Ana Săbiescu
The level of leu liquidity in the market that the banks have been complaining about lately, and which they are blaming on the fact that they lent money to the State by buying government bonds, is nowhere near as low as they claim, according to sources from the Ministry of Finance.
In fact, banks have no liquidity shortage when it comes to lei, but rather they no longer trust private borrowers, and the real liquidity shortage is for foreign currencies.
The safety of money lent out has become more important than interest, so that banks, worried by the high level of arrears and the market risk, prefer to lend money to the state.

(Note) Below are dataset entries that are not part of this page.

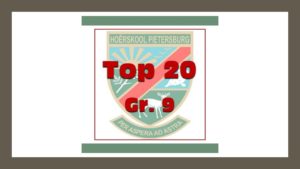 Hoërskool Pietersburg: Top akademiese presteerders vir kwartaal 1 – Gr 9 leerders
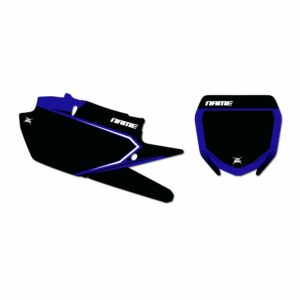 GARDE BOUE AVANT YAMAHA USA Kit déco motocross semi & 100% personnalisé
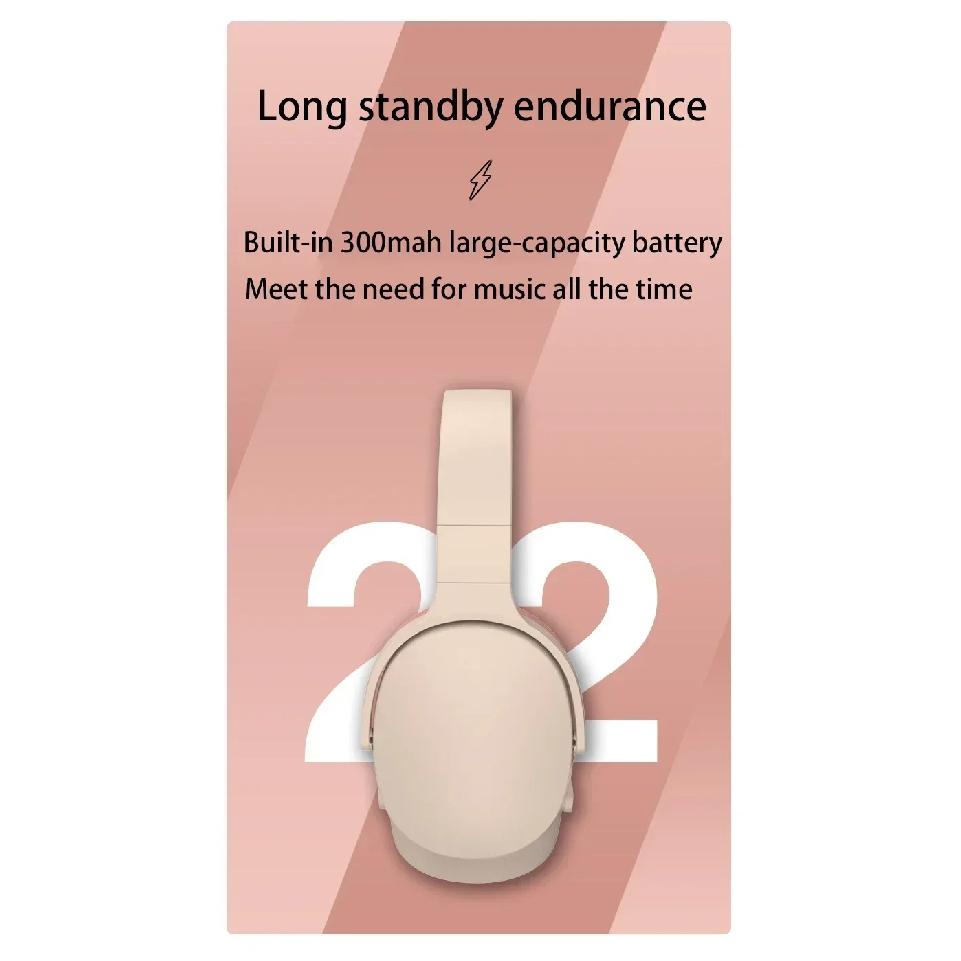 Hot Selling Wireless Headsets Headphones Bluetooth 5.3 Over-ear Earphone For Samsung iPhone Stereo Hifi Game Earbuds With Mic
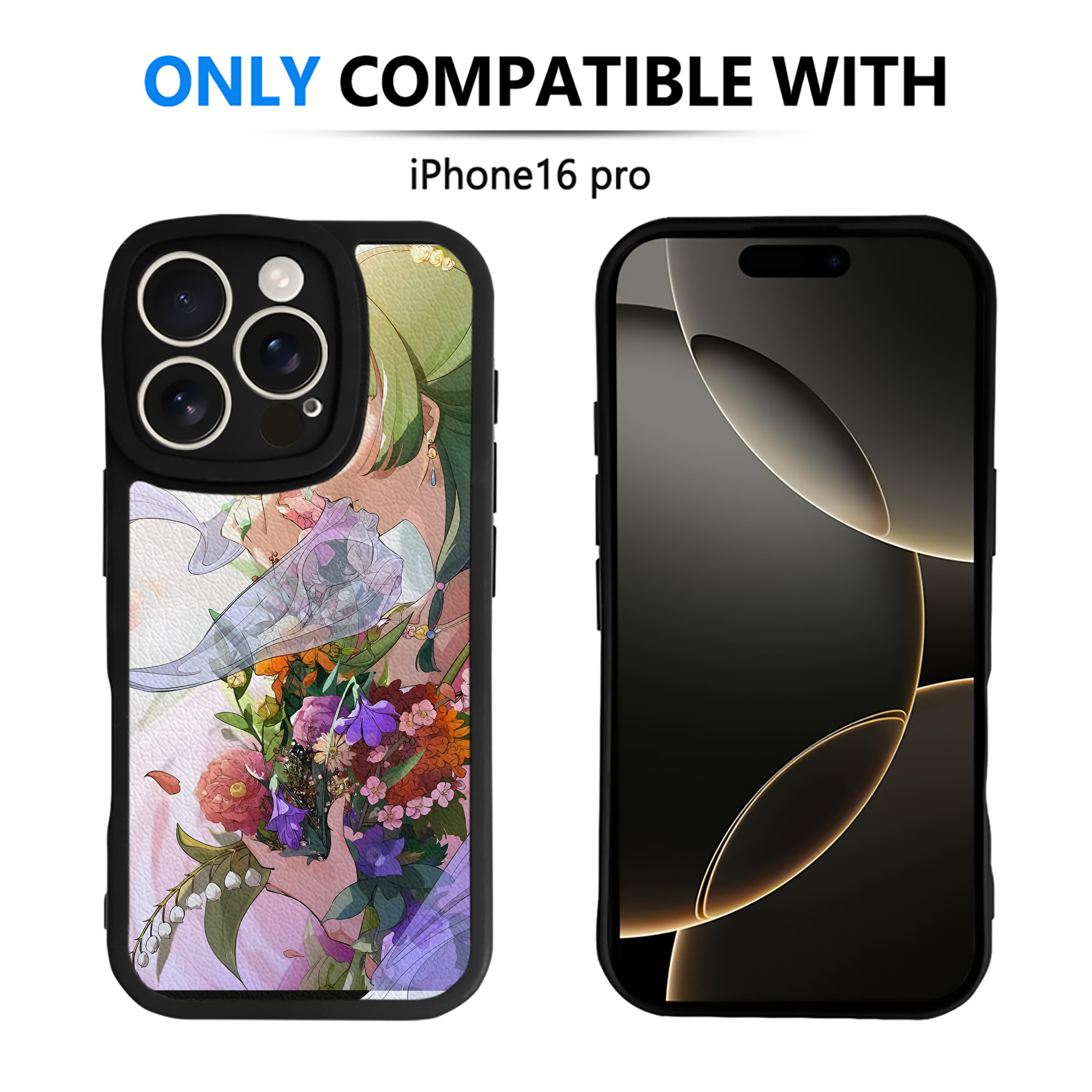 （画像用） 薬屋のひとりごと The Apothecary Diaries 【iPhone 16シリーズ対応】シリコンスマホケース（レザー調） 材質：シリコン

Many people claim that lately, banks have limited their lending to buying government bonds from the Ministry of Finance. The state has become their favorite customer, to the detriment of private business, in the race for raising funds.
The Ministry of Finance sees things differently: banks are extremely concerned about the future of private companies and don"t want to take any chances. They would rather lend money to the state at an interest rate of around 11.5% - 11.75%, rather than lend to private companies at over 20%. The banks would like to lend money to consumers and companies, but they doubt the ability of both to weather the crisis. The banks are concerned that companies asking for loans now may not be able to survive the crisis for another six months.
On the other hand, the Ministry of Finance, has outstanding debts to the private sector, and is therefore forced to resort to banks.
• State bonds improve banks" solvency
Ionuţ Dumitru, chief-economist of Raiffeisen Bank, explained that there are three reasons why banks favor government bonds. First of all because they are safer, and second of all because they allow banks to access to the lombard loan facility provided by the Central Bank.
The third reason, and the most important one, is that for a bank, having government bonds in its portfolio improves its solvency rate, because these financial assets are weighted with a risk ratio of 0%.
The European Solvency Ratio (ESR) is the best known index which measures bank prudence and has the main purpose of guaranteeing the ability of banking institutions to handle a situation where its debtors enter bankruptcy and to eliminate competitive discrepancies between the various national banking systems.